British substitutes for French and Swiss melting cheeses such as raclette, Gruyère, Comté, or L’Etivaz

Britain has some of the best cheese in the world, and now that cheese is struggling to find a market. If British cheese is as good as, if not better, than its foreign counterparts, the least we locals can do is to support our native cheese industry, as well as the environment, by buying locally. If you try some of these alternatives you are certainly in for a treat.
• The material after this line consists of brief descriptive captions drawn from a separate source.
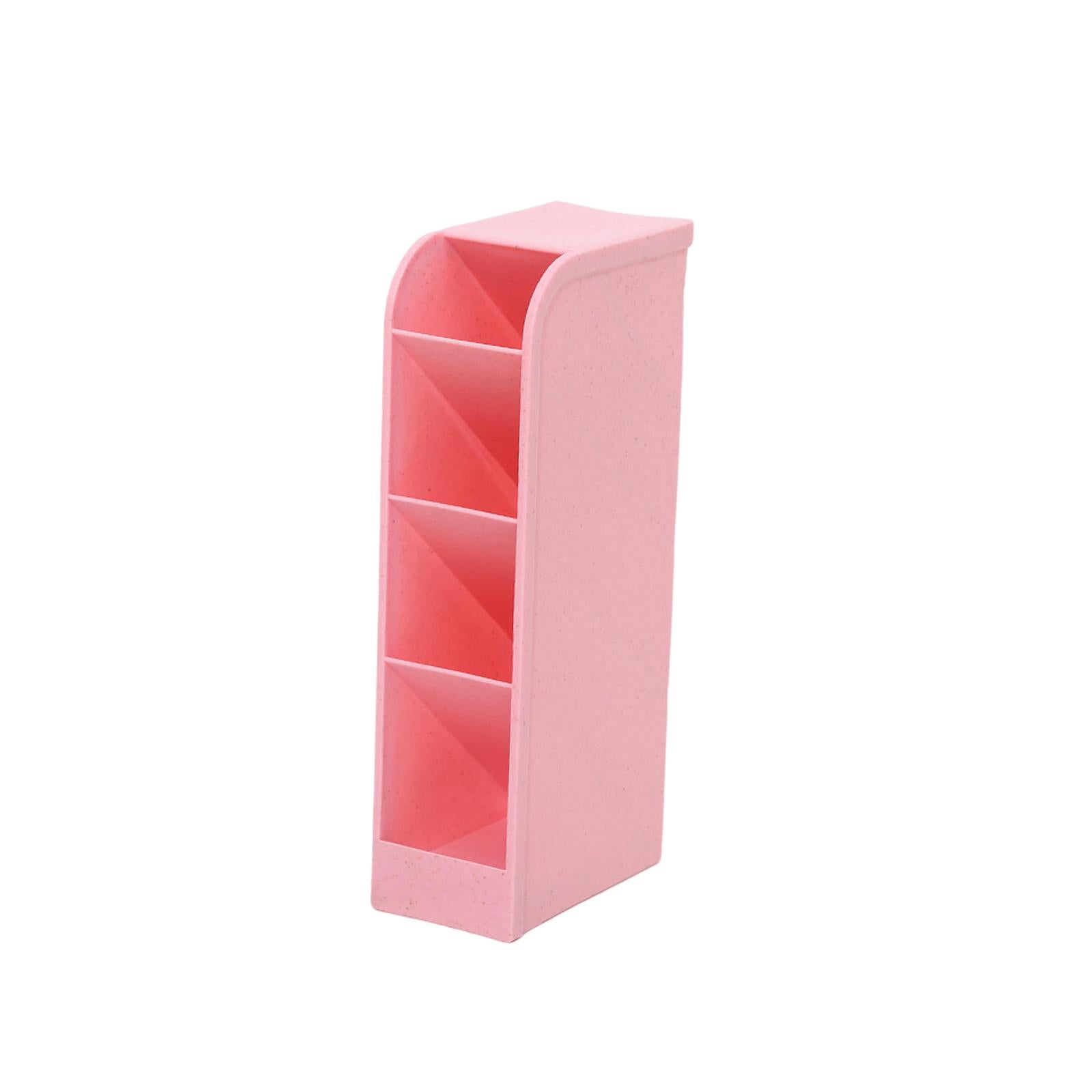 Desktop Organizer Cosmetcis Storage Container for Countertop School Office Pink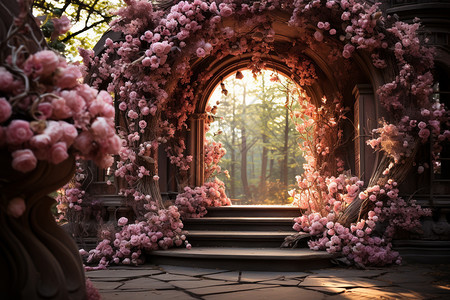 粉色鲜花装饰的拱门图片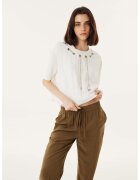 TWIST Bluza crop cu decupaje metalice - Alb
Not surprisingly (bearing in mind proximity… latitude, soil similarities etc) it’s with the French cheeses that the British cheeses compete particularly well. But, commercially, the French have the advantage of a start of centuries. From a marketing point of view the great French cheese brands have become almost synonymous with the type. In the case of melting cheeses, Gruyère, in particular, is a term used in recipes as being synonymous with ‘melting cheese’.
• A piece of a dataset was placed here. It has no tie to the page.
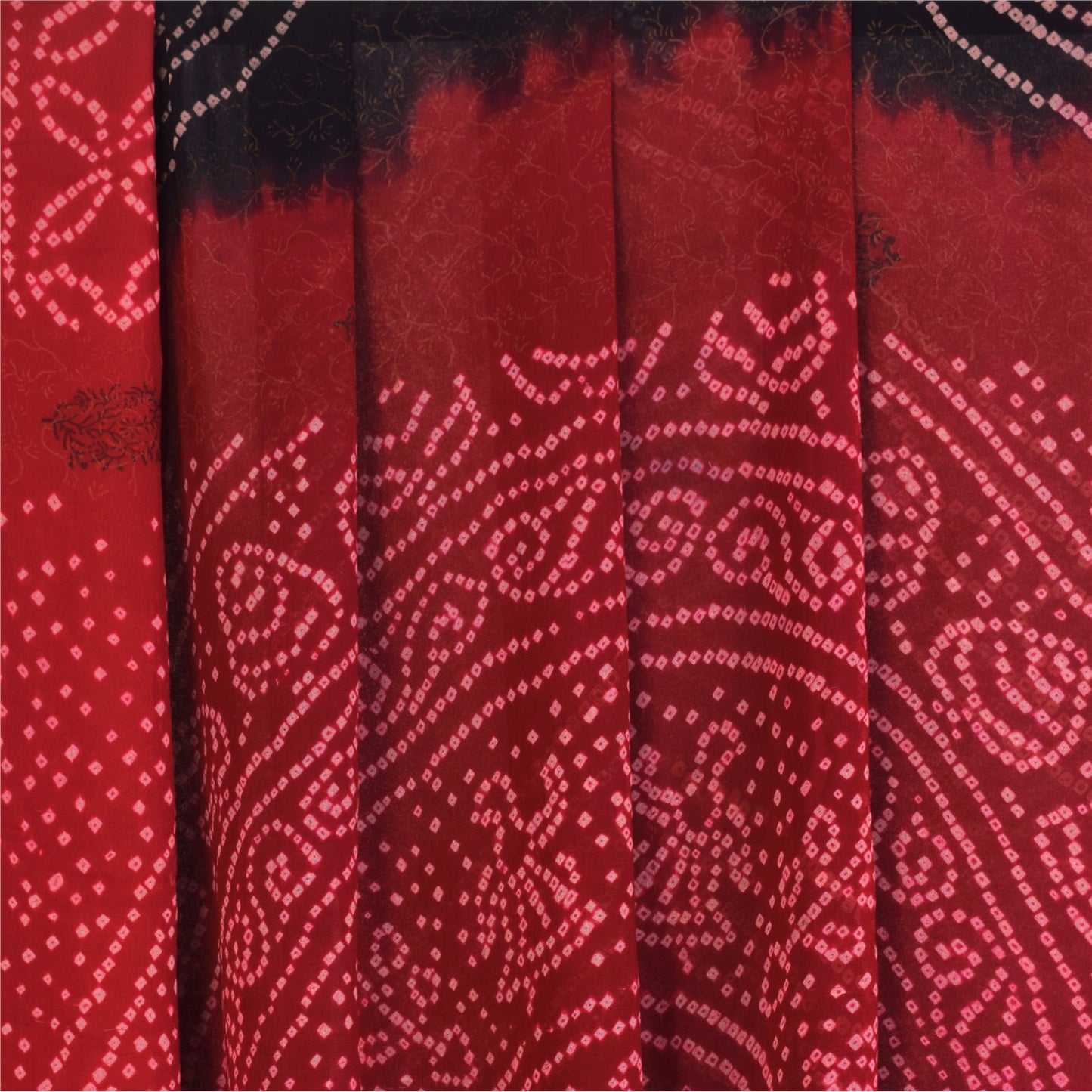 Sanskriti Vintage Black Sarees Pure Georgette Silk Printed Sari 5yd Craft Sustainable Fabric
In this post we’re looking at the British alternatives to the French and Swiss melting cheeses. Below is a list of what’s available locally that will fit the bill every bit as well?
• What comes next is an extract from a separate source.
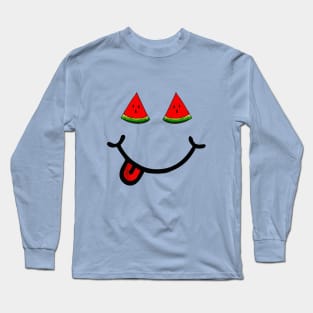 Watermelon & Smile (in the shape of a face) Long Sleeve T-Shirt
Ogleshield is a brine-washed cheese created by Jamie Montgomery (of Montgomery Cheddar), made by cheesemaker, Tim Griffery, with a sweet, milky scent. It’s washed in a special brine every three days, and this gives a pungent moist rind, and extra depth of flavour to the cheese. Similar to raclette.

Cornish Kern

Cornish Kern was voted Best Cheese In The World in 2017. I have tasted it – it’s pretty good, but to my mind not up there with the blue cheese greats…. Stichelton and Gorgonzola. But for this purpose it is excellent…although the Ogleshield might work just a tad better. Buttery, caramel notes, it takes 16 months to mature. A very good alternative to a Comté.

Cornish kern
Cornish Kern – a good substitute for Comté

Bermondsey Hard Pressed

Bermondsey Hard Pressed is actually made in a copper vat imported from Switzerland, where the cheesemaker, Bill Oglethorpe, learnt his trade. Bermondsey Hard Pressed has the grassy nuttiness of a L’Etivaz. I asked Bill about the name, and he told me,

“I chose the name because its made in Bermondsey and is from the family of hard pressed cheeses. On top of that Bermondsey has a history of being hard pressed , so it all fits together. It’s made with raw milk which is important to me because it expresses the natural qualities of the milk. It takes around 12 to 18 months for those qualities to become apparent . I pick up the milk myself from Commonwork Organics near Sevenoaks at 5.30am when they start milking so I can get it warm from the cow and am able to get back into Bermondsey before the rush hour traffic at 8am.”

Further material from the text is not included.